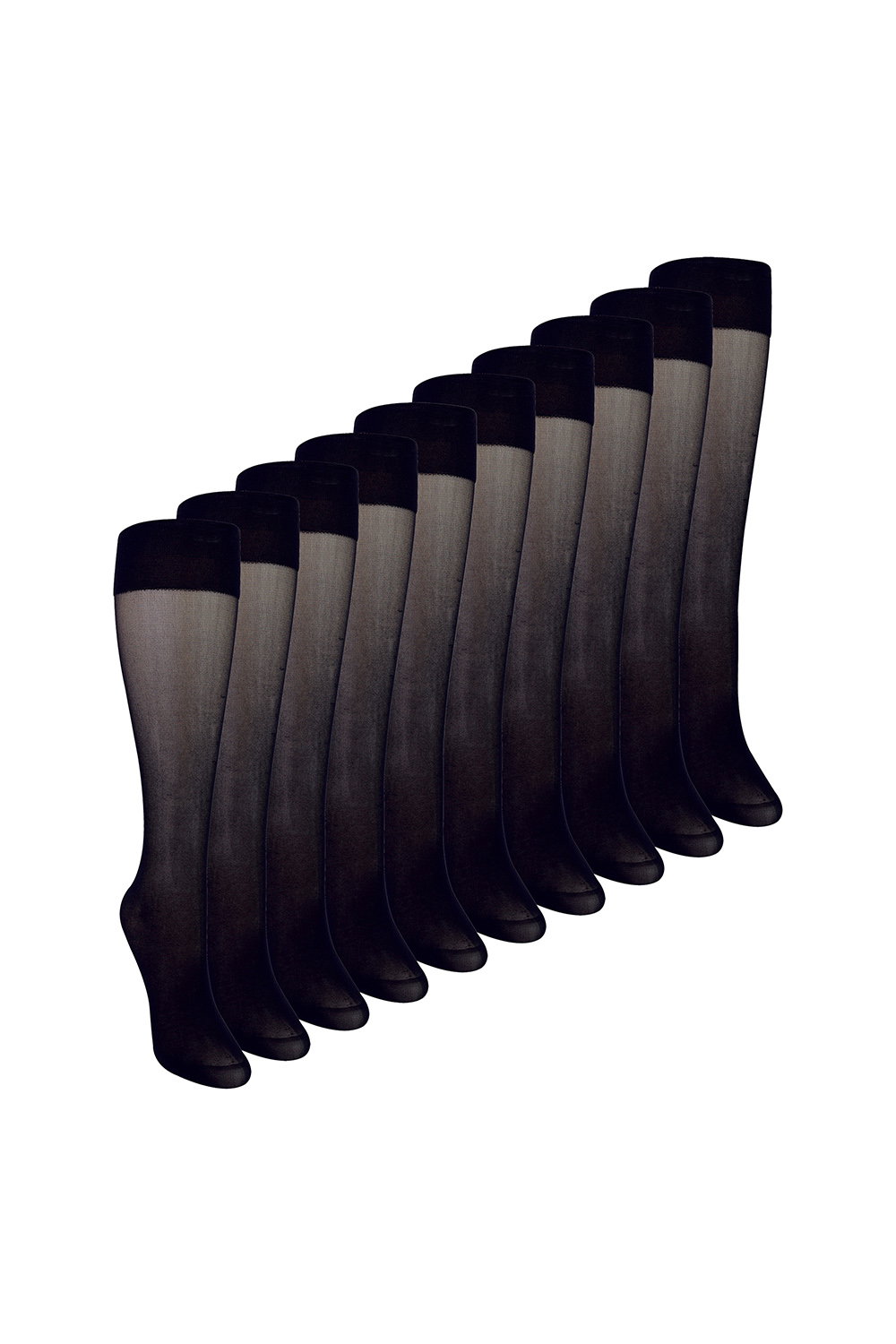 Black 10 Pack Ladies Knee High Pop Socks 15 Denier Lightweight Sheer Socks, Image 1 of 3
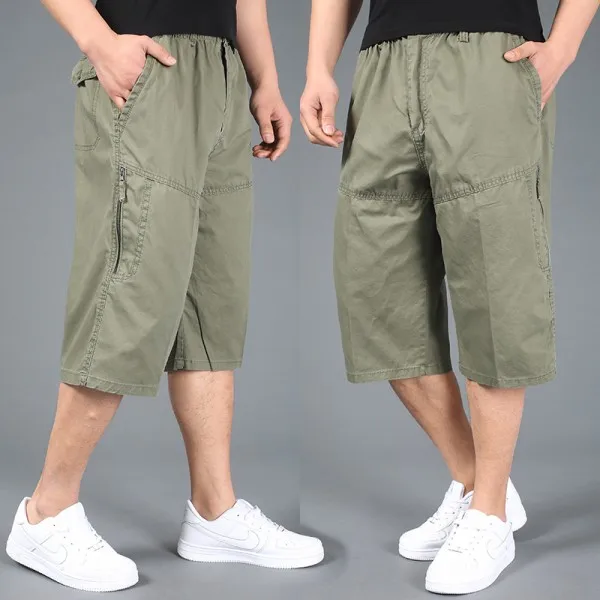 Летние мужские шорты размера плюс, xxl, 4xl, 5xl, 6xl, хлопковые повседневные шорты цвета хаки с эластичной резинкой на талии, короткие брюки в стиле хип-хоп, большие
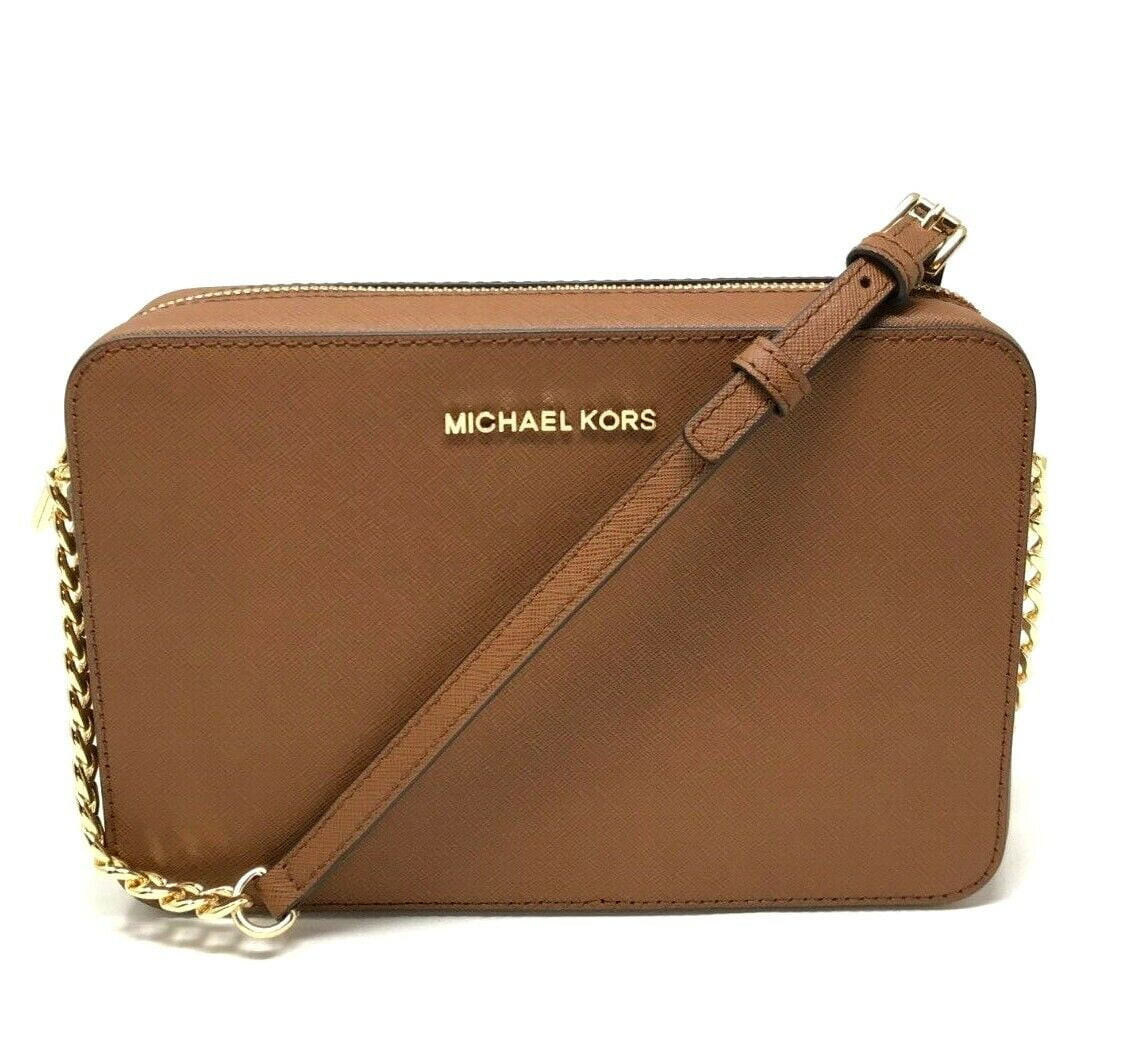 Michael Kors Women's Zipper Closure Saffiano Leather Crossbody Bag, Brown | Walmart (US)
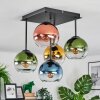Koyoto ceiling light, globe light 37 cm blue, gold, green, clear, coppery, 5-light sources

=== Exercise instructions ===
Print the stretch of the data from the line with "Michael Kors Women's" through its last line, exactly and with both ends kept. Omit pictures.

=== Response ===
 Michael Kors Women's Zipper Closure Saffiano Leather Crossbody Bag, Brown | Walmart (US)
Koyoto ceiling light, globe light 37 cm blue, gold, green, clear, coppery, 5-light sources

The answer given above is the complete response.